Lecherous – Satyrs would be quietly amused by this Weaknesses’ repeated, naïve and presumptuous references to the “opposite” and “other” sex. Satyrs want to have sex with you, your brother, your sister, and your belt pouch.
Pariah – Trolls, goblins and many others face a lot of overt racism in Uresia, ranging from outright fear and hostility in rural areas where they’re seldom encountered to a kind of condescending oh-look-Muffy-a-primitive acceptance in more cosmopolitan circles.
Soft Spot – Culinary and scholarly versions are notably common in certain types of characters.
Some Closing Notes, on Magic
You can faithfully evoke the character of any of Uresia’s magical flavors by creatively choosing Abilities (and spells) to suit the plain English descriptions in Uresia. Of course, OVA magic (or, specifically, the Arcane Magic and Witchcraft Magic abilities) is inherently improvisational … in game terms, there’s no specific limit on the number of different effect any spell-caster can achieve, and only a few built-in OVA mechanics for applying self-imposed limitations to make “styles” of magic differ in utility.
For the most part, that works in your favor in a Uresia game, since to a large extent the magical motifs really are just motifs, especially for the more powerful forms (Yemite necromancy, Sindran sorcery, Rindenland tall-pointy-hat wizarding) any of which can do anything, really – just with different colored lights, noises, poses, and residual smells.
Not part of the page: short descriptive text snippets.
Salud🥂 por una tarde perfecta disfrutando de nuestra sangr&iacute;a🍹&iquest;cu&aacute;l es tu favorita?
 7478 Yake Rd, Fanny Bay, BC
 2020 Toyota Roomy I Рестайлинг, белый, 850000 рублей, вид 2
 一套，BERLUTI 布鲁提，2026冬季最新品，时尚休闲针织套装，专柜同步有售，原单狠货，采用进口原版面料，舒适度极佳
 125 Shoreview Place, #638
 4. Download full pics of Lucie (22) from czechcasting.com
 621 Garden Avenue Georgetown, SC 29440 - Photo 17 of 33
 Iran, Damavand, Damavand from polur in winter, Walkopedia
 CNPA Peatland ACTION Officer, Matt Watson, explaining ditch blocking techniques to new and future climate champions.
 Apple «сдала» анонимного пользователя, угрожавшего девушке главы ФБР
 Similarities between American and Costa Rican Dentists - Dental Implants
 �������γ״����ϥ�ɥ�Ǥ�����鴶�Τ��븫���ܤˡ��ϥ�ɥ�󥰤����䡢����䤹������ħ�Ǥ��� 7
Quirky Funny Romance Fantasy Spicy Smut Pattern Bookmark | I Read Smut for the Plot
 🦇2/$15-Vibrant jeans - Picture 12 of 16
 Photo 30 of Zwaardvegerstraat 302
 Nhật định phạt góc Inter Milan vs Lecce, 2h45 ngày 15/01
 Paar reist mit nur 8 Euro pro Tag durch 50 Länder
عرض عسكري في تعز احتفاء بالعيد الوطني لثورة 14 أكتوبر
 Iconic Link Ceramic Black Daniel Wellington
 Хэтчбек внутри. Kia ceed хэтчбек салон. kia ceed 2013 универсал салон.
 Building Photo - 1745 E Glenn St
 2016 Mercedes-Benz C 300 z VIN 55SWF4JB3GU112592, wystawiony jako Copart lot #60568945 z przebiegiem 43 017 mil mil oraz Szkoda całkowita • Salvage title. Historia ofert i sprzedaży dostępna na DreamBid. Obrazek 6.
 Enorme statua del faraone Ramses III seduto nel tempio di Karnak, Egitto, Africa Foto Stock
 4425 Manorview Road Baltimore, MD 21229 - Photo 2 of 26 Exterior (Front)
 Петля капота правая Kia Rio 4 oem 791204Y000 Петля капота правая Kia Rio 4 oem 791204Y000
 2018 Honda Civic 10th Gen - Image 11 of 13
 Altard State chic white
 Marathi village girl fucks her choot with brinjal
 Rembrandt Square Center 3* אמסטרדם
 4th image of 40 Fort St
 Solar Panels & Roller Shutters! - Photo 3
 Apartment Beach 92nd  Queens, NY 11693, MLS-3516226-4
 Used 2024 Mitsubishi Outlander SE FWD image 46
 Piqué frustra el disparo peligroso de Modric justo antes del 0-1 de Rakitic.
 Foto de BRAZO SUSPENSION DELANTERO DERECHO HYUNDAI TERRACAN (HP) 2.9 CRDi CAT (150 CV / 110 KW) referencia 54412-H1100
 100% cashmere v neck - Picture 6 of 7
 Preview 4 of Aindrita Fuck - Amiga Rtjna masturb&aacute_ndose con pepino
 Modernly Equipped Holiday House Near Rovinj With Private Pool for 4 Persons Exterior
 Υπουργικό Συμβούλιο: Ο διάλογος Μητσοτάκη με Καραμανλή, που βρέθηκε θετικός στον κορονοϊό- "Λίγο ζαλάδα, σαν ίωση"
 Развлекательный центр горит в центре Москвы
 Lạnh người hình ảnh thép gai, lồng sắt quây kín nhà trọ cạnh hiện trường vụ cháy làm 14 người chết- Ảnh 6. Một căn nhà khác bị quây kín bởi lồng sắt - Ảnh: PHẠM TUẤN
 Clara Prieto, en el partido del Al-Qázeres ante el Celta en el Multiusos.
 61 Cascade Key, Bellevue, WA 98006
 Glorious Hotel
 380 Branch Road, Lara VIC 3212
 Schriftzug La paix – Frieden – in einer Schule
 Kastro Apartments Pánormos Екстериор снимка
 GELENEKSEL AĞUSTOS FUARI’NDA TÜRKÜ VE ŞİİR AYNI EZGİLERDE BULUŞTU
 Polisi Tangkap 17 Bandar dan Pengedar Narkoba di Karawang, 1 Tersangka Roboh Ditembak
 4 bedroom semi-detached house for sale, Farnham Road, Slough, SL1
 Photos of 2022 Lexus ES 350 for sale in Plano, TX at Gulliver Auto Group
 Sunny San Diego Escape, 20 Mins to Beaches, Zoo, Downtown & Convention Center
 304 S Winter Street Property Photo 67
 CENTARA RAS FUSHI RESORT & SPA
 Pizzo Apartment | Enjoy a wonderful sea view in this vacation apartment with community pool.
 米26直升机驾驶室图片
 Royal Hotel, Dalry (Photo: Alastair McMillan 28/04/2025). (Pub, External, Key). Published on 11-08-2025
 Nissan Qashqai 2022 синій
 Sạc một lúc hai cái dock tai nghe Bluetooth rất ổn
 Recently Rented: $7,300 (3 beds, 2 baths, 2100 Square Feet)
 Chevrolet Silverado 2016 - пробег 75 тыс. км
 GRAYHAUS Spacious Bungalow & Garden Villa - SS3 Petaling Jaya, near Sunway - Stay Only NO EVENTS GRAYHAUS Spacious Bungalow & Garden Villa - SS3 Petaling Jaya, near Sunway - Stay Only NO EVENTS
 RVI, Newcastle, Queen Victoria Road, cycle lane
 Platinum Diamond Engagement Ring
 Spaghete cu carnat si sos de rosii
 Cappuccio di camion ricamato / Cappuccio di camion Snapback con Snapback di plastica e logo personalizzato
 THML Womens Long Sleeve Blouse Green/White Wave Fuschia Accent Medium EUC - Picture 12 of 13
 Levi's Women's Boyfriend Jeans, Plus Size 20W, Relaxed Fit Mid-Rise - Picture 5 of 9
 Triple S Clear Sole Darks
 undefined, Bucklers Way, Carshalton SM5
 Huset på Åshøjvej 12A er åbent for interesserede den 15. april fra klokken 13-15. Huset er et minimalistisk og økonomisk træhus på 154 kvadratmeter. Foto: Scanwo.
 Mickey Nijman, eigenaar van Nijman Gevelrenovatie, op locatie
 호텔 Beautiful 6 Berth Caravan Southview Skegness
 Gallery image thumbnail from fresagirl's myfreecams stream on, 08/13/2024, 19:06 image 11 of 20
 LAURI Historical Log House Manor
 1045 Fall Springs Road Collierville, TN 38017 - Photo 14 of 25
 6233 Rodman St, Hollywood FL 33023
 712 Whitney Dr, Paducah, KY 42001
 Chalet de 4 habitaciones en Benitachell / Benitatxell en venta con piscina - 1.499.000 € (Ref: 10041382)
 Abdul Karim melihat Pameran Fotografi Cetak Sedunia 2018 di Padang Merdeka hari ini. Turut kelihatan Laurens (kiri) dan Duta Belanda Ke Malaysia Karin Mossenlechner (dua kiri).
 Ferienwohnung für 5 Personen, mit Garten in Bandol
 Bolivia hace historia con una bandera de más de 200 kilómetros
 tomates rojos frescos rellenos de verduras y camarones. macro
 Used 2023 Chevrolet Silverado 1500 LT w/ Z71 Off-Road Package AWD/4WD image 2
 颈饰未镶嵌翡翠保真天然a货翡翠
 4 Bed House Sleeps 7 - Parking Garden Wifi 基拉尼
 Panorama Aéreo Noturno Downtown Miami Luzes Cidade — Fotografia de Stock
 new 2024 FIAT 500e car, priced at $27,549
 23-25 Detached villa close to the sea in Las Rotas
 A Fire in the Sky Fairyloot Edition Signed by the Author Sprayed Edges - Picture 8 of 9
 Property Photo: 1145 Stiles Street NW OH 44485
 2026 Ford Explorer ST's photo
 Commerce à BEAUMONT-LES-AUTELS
To open a stubborn stone door, a Sindran might call on the precise Formula of Yarnax to split the stone asunder with a stroke of purple lightning, the Rindenland wizard might call on elemental spirits to coax it aside, and the Necromancer would raise a small horde of skeletons to haul it away, but they’d all get the job done one way or another.
If you’re in the mood to fiddle a bit more, it’s easy to use existing OVA material to extrapolate new stuff for Uresian magic … Yemite necromancy, for example, requires the presence of large amounts of “soul energy” to work properly (something that’s normally not a problem, but becomes so in a remote frozen mountain range in Orgalt, where the only soul to leech from is the surly Dwarf next to you). Something like that could be applied as a weak kind of Trigger (instead of being absolute, though, maybe it just doubles Endurance costs when the Trigger isn’t available), or even as a Power Flaw applied to individual spells (a –5 point endurance break most of the time, but at the cost of a 20-point Endurance price-hike when in desolate areas). There’s no one right way, and individual mages make the established magical styles their own, anyway. Do the same as a player.
For forms of magic with more restrictive areas of influence – Boru and Troll magic, for example, or Wild Pact beast-and-battle sorcery – just apply restrictions (perhaps with corresponding Endurance breaks) willy-nilly. For magics that OVA doesn’t really touch on at all (divining the future, for instance) … either write up some whole new Abilities (it’s easy, given the number of existing examples) or just let those fade into the background, focusing on the game’s strengths (my usual preference for magic). For more that will be applicable to this sort of thing, the forthcoming new OVA material may shed yet more light … But as it is, you can do whatever you need with just OVA itself, plus an eagerness to roll up your sleeves and dig a little. Have fun!